THE POTENTIAL TO USE CARBON ISOTOPE DISCRIMINATION AS A SELECTION TOOL TO IMPROVE WATER-USE EFFICIENCY IN SOYBEAN
1Queensland Department of Primary Industries, PO Box 23, Kingaroy, Qld 4610
2Department of Agronomy and Farming Systems, University of Adelaide, Roseworthy, SA 5371
Soybean (Glycine max) is an important grain legume in rainfed production systems, where intermittent water stress can severely limit yields. Water-use efficiency (WUE), defined as the total yield per unit of water transpired, is a trait that can increase dry matter production when water resources are limited. The substantial effort required in measuring WUE directly has limited its use in plant breeding. Recent research has demonstrated that measurements of carbon isotope discrimination (Δ), or even specific leaf area (SLA), can provide simple indirect estimates of WUE. This paper describes an experiment to assess genotypic variation in soybean, and the degree of correlation of Δ, and SLA with WUE.
An experiment conducted at Kingaroy, south-east Queensland, in which mini-lysimeters were embedded in small canopies. Total water transpired and total biomass (including roots), were measured and WUE calculated for six soybean genotypes of diverse origin. Fully irrigated and water stressed treatments were imposed over a 60 day period during the late vegetative to early reproductive phase. Δ and SLA (cm2/g) were measured on leaf samples at the end of the period.
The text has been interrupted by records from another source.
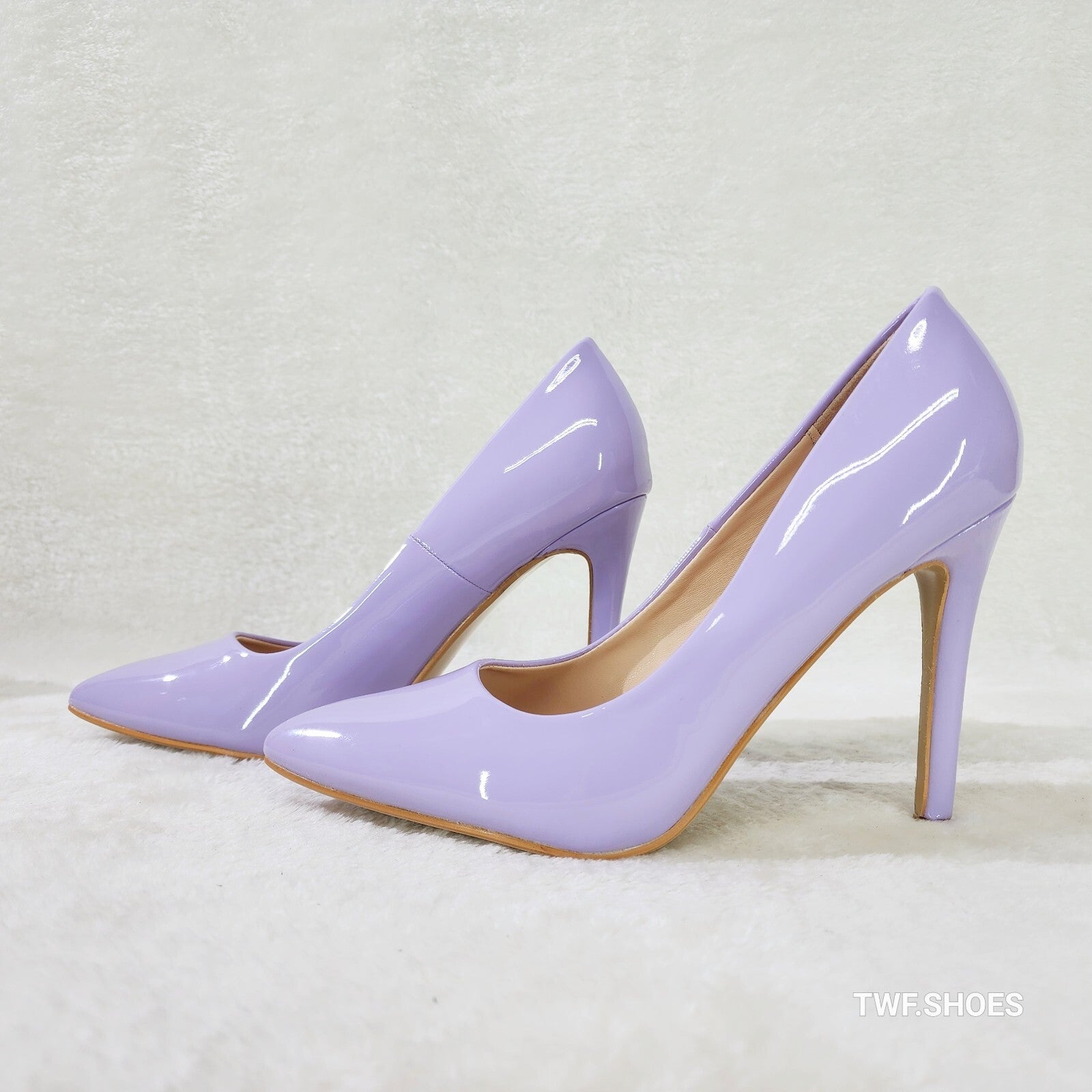 Glam Lilac Purple Patent High Heel Stiletto Shoes Pumps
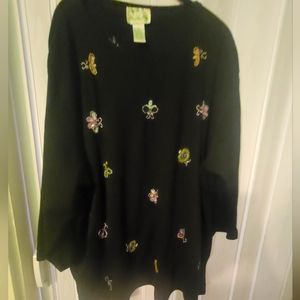 The Quacker Factory Butterfly Beaded Black Sweater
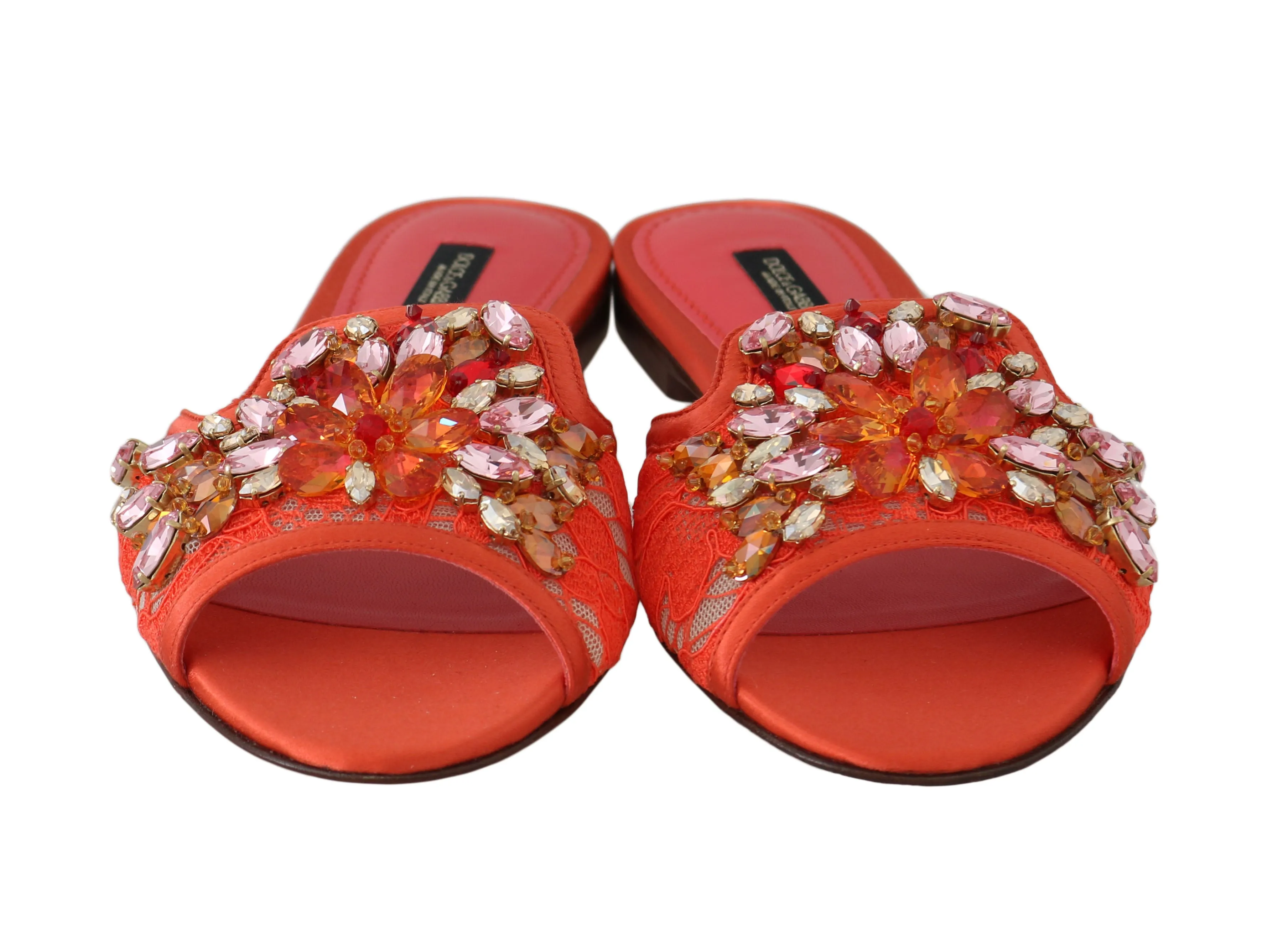 Orange Lace Crystal Flip Flops Flats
Significant genotypic variation in WUE was demonstrated, ranging from 1.66 to 2.44 g/kg and 2.03 to 2.78 g/kg under irrigated and water stressed conditions, respectively. There was highly significant correlation between Δ and WUE under both treatments (Fig.1), while SLA and WUE were poorly correlated. The results suggest that Δ may be a useful selection index for improved WUE in soybean breeding programs.
Figure 1. The relationship between WUE and Δ for soybean genotypes under well watered (open symbols) and stressed (closed symbols) conditions.
Funded by the Australian Centre for International Agricultural Research (PN9216).